If at Burj Dubai in a height of 750 metres an antenna for FM transmission in combination with a high power transmitter will be installed, it will have a reach of 500 kilometres. Between Dubai and Iran, there is just the sea and radio waves propagate well over sea water!
So FM- and TV-transmitters on the top of Burj Dubi can broadcast their signals to Southern Iran!


----------



## Towers (Jan 3, 2006)

i dont get it. how would the top part of burj dubai do that? i mean what is the difference whether it is on ground or top of the worlds tallest tower??????????


----------



## dubaiflo (Jan 3, 2005)

i assume it depends on the height of the antenna how far the signal reaches. so burj dubai's 800m antenna could send signals to iran, broadcasting programs the iranian govt does not like to reach their people.


----------



## DarkBlueBoss (Mar 3, 2005)

actually today, i was at a breakfast presentation by the french business council and the project manager of the Burj Dubai project mentioned that the top floor of the Burj Dubai will be used for communication companies such as Etisalat.....


----------



## dubaiflo (Jan 3, 2005)

^^ i thought the top floor will be emaar HQ office.

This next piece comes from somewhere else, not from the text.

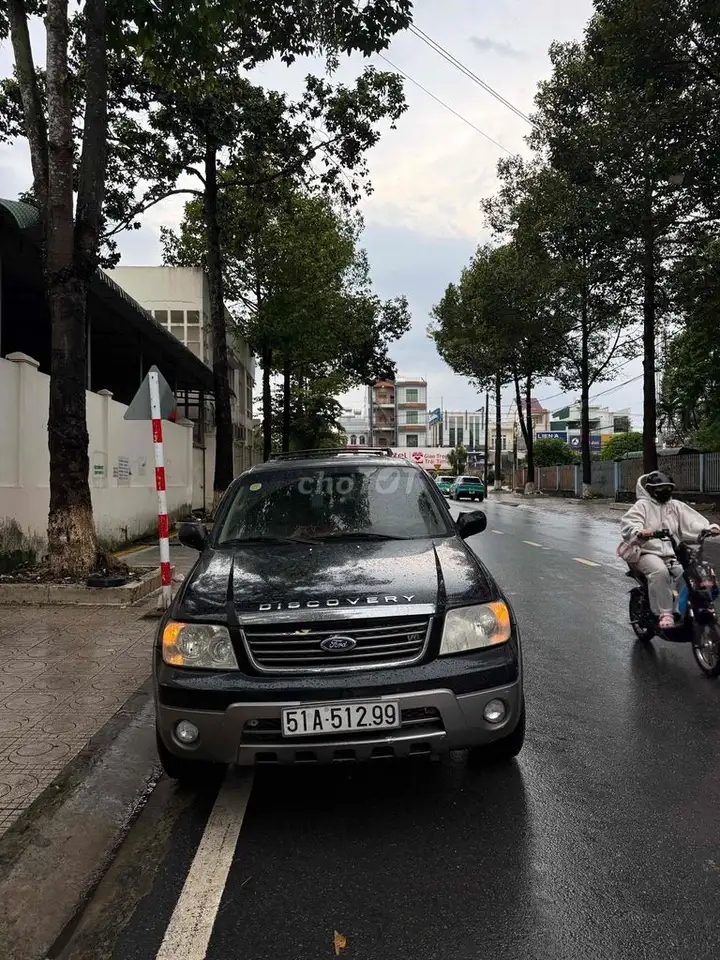 Ford Escape 2005 черный бензин 5 мест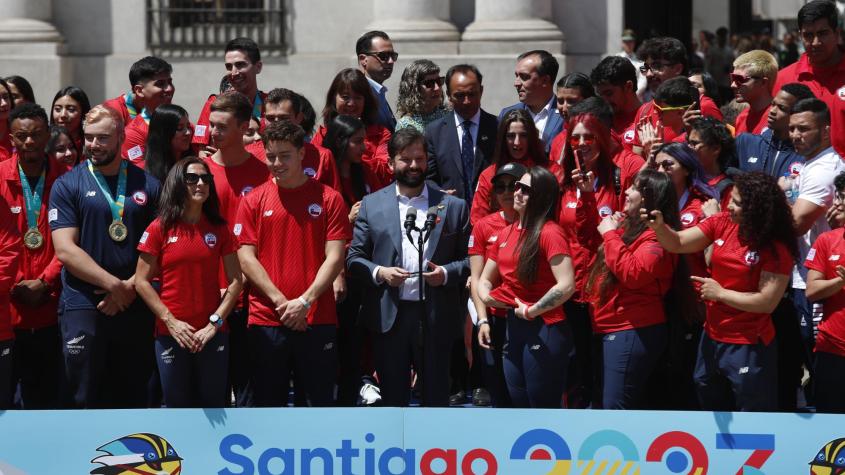 Presidente Boric reconoce al Team Chile en La Moneda: "Lograron algo que a nosotros que estamos en política nos cuesta mucho"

maybe he was talking about the top section/e.g roof and antenna.


----------



## DarkBlueBoss (Mar 3, 2005)

no actually, its gonna communication offices... 

and funny story, he was saying that the armani design team are the ones slowing down the construction because they are designing the first 50 some floors

another thing, he said that the compeletion date of Dec 31 2008 , will never happen


----------